REQUIRED ACTION: Use the entries below and reproduce exactly the lines from the one containing "Liz Claiborne Black Tunic Top" down to the one containing "Lisa BLACKPINK Iseng", both of them included.

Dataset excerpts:

((

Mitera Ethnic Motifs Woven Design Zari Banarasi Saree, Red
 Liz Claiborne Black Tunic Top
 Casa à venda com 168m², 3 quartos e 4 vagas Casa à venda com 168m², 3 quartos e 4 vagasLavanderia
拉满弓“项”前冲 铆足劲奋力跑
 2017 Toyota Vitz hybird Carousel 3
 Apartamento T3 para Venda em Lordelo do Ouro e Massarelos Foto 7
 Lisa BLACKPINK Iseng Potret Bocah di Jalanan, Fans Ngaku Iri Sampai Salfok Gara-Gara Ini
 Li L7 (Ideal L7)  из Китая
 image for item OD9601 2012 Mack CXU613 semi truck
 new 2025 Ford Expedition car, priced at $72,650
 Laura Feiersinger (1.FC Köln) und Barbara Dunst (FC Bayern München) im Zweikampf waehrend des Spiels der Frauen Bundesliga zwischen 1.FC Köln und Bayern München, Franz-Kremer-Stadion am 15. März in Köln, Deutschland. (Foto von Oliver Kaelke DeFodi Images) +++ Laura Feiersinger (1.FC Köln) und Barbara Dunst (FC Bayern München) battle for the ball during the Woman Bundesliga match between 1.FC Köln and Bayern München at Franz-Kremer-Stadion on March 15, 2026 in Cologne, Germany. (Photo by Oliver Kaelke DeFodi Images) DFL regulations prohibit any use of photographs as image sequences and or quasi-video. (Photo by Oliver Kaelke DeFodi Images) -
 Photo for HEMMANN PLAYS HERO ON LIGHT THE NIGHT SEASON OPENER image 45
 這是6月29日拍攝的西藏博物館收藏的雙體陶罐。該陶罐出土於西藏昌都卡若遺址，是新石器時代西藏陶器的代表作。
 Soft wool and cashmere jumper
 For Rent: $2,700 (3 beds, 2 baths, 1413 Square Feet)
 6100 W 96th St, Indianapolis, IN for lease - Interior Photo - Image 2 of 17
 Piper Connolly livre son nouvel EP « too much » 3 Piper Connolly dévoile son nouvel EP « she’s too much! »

))

ANSWER TO THIS PROBLEM:
 Liz Claiborne Black Tunic Top
 Casa à venda com 168m², 3 quartos e 4 vagas Casa à venda com 168m², 3 quartos e 4 vagasLavanderia
拉满弓“项”前冲 铆足劲奋力跑
 2017 Toyota Vitz hybird Carousel 3
 Apartamento T3 para Venda em Lordelo do Ouro e Massarelos Foto 7
 Lisa BLACKPINK Iseng Potret Bocah di Jalanan, Fans Ngaku Iri Sampai Salfok Gara-Gara Ini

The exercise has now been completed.